Devo dizer que, quanto mais reflito sobre o assunto, mais reforço a minha aversão natural a esta tendência da sociedade, enquanto um todo, mas que se realça particularmente na atividade de alguma esquerda política, que consiste em procurar corrigir os desequilíbrios endémicos de um regime, de um sistema — chamemos-lhe capitalismo —, com a complexificação do sistema fiscal, entenda-se, com a adição de múltiplas taxas e impostos.
Sou contra isso e sou contra impostos progressivos e escalões. Que esta minha posição fique clara desde já.
E quem tem a displicência de considerar tudo isto sinónimo de esquerda, pois deve rever bem os seus conceitos, porque isto nada tem que ver com esquerda. Não se confunda a ferramenta com o objetivo.
O regime fiscal de um país deve ser claro e deve ser muito simples, por princípio. Isto quer dizer que não deve ser muito mais que um flat tax, ou seja, um imposto percentual único sobre os rendimentos auferidos. A proporcionalidade do imposto e, portanto, a sua justiça ficam garantidas à partida, por definição.
É claro que 25% de 500 é muito mais significativo do que 25% de 100000, no que àqueles que auferem as respetivas quantias diz respeito, mas este único argumento dos defensores de escalões na taxação dos rendimentos só tem sustentação porque existe uma outra injustiça a montante: vivemos numa sociedade onde existem assimetrias na distribuição dos rendimentos que deveriam ser consideradas inaceitáveis, mas, não obstante, são consideradas naturais. O problema reside justamente aqui.

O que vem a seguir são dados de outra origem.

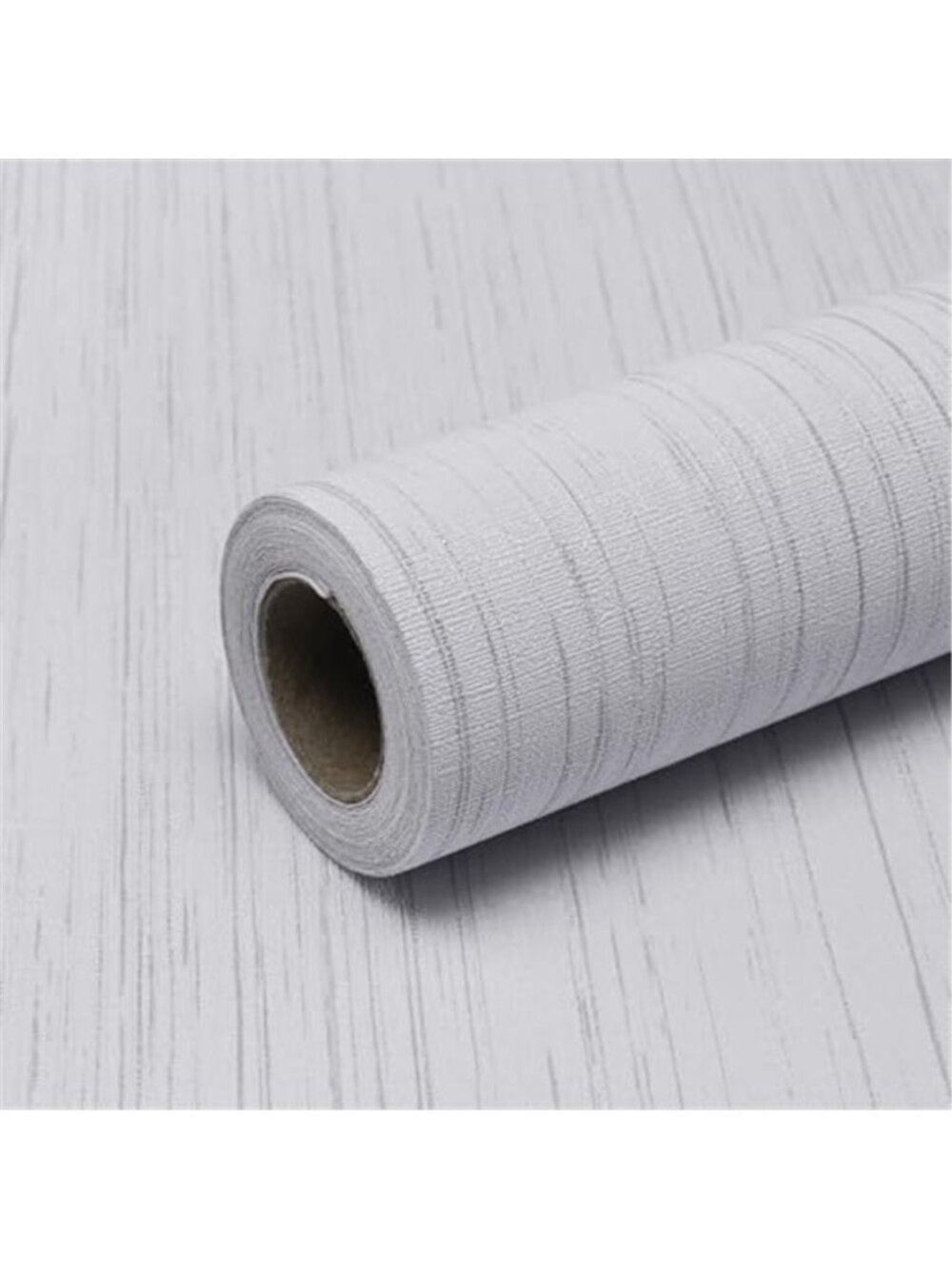 White Grasscloth Peel And Stick Wallpaper Textured Removable Vinyl Contact Paper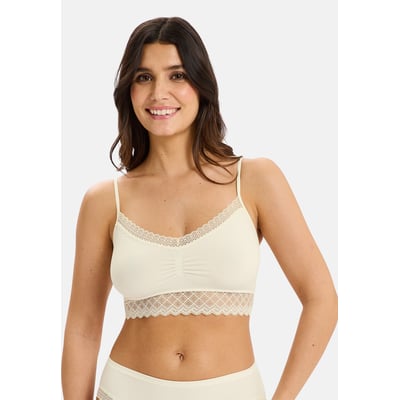 Brassière ZEN DENTELLE BILLET DOUX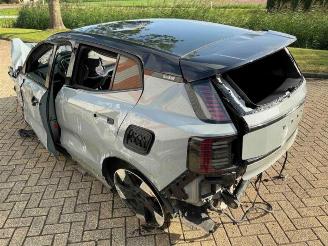 Volvo EX30 EX30, SUV, 2023 Twin Motor Performance 69 kWh picture 5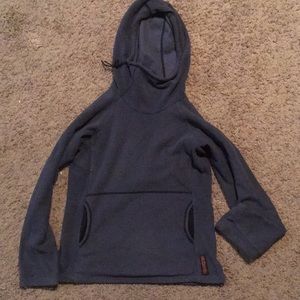 Melanzana Women’s XS Microgrid Hoodie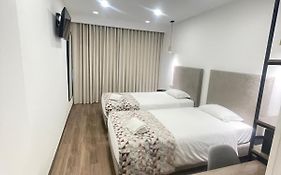 Hotel Flamingo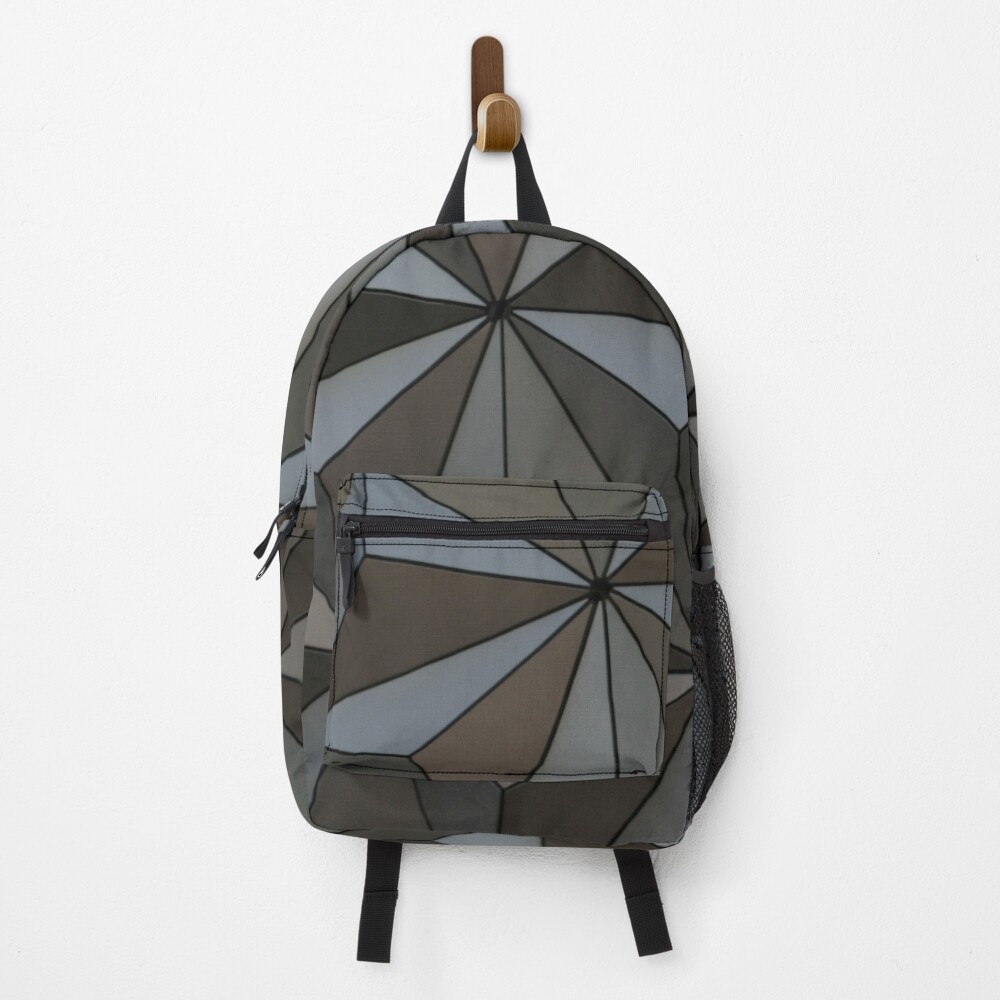 Item preview, Backpack designed and sold by chewi.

O que eu não aceito é que se procure minorar um problema de base criando um outro problema. Porque os escalões e as taxas são injustos. Porque é que alguém que em Portugal ganha 7000 euros paga 14,5% de imposto e alguém que ganha 8000 euros paga 23%? O primeiro fica com 5985 euros e o segundo com 6160 euros, ou seja, apenas mais 175 euros, quando antes de impostos tinha feito mais de 1000 euros! Isto é justo? Isto é decente? É evidente que não assim como é evidente que o que seria mais justo era, se entendermos que efetivamente 7000 e 8000 euros são as remunerações adequadas e legítimas perante a exigência das funções desempenhadas, que ambas pagassem exatamente o mesmo imposto percentual para que, pagos os impostos, se mantivesse a justeza da diferenciação entre vencimentos.

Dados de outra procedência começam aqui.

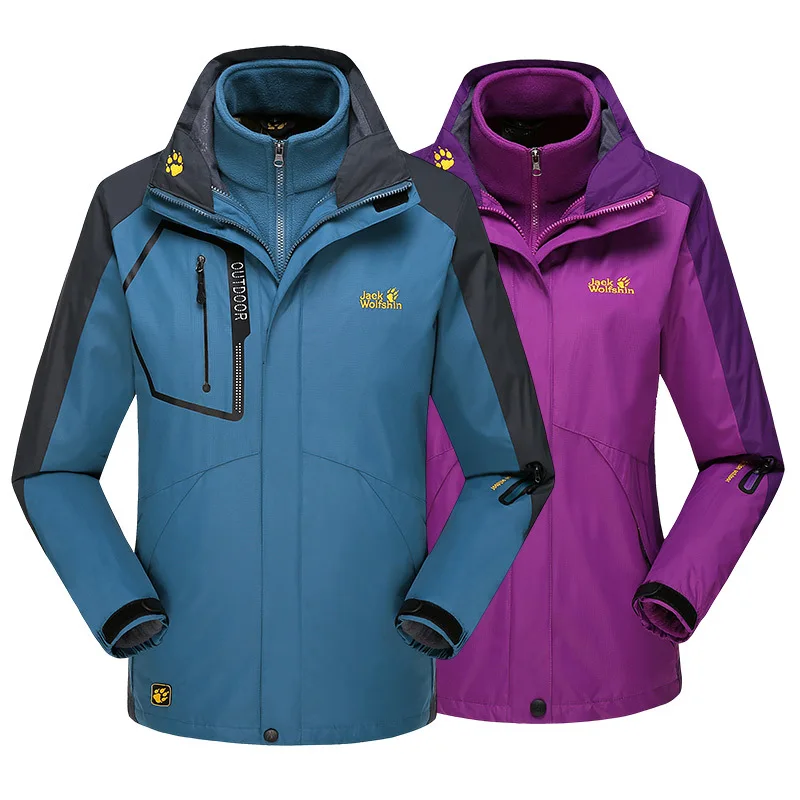 Мужской непродуваемый плащ с х/б подкладкой на зиму|Детские куртки для пеших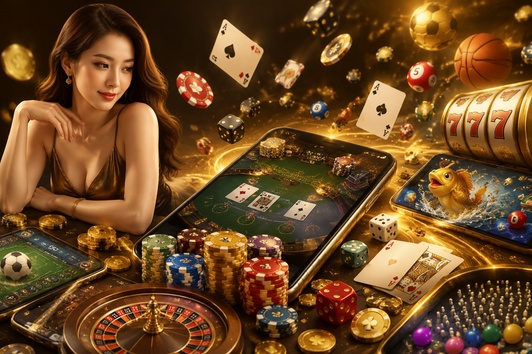 666bet
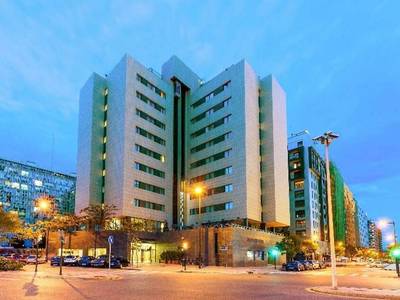 Valencia Oceanic by Melia 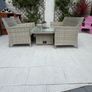 Rattan Garden Furniture Set Image 4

A complexificação do sistema fiscal é indesejável, não apenas porque promove a evasão fiscal nos rendimentos fronteira dos escalões, mas também porque se constitui como um inimigo natural dos mais frágeis no mercado laboral. Estes, face à sua relação de dependência patronal, não podem fugir à máquina fiscal, em contraponto com os mais fortes, com mais rendimentos, que detêm escritórios de advogados a trabalhar ativamente, quer na ativação de alçapões à lei, quer na sua feitura, numa relação de total promiscuidade com os governos.

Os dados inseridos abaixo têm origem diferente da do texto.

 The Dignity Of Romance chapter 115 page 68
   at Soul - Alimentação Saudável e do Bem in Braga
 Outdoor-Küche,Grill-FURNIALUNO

A lei fiscal deve ser simples, para ser mais transparente. Para ser mais justa. As injustiças devem ser combatidas à partida, na fonte. O problema está na forma como a distribuição da riqueza é feita nesta sociedade capitalista e como essa mesma riqueza se vai acumulando cada vez mais nos bolsos de alguns poucos. Escalões e taxas, como esta taxa Robles é exemplo, servem para mascarar a realidade, são apenas fogos de vista para o povo se entreter, mas que, a prazo, acabam por se revelar perniciosos precisamente para esse mesmo povo que prometem, à partida, proteger.